◆ Data shown ◆
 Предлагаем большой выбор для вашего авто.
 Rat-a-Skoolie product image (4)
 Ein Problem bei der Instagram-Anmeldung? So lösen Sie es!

◆ Exercise ◆
Please give each line above again, word for word.

◆ Response below ◆
 Предлагаем большой выбор для вашего авто.
 Rat-a-Skoolie product image (4)
 Ein Problem bei der Instagram-Anmeldung? So lösen Sie es!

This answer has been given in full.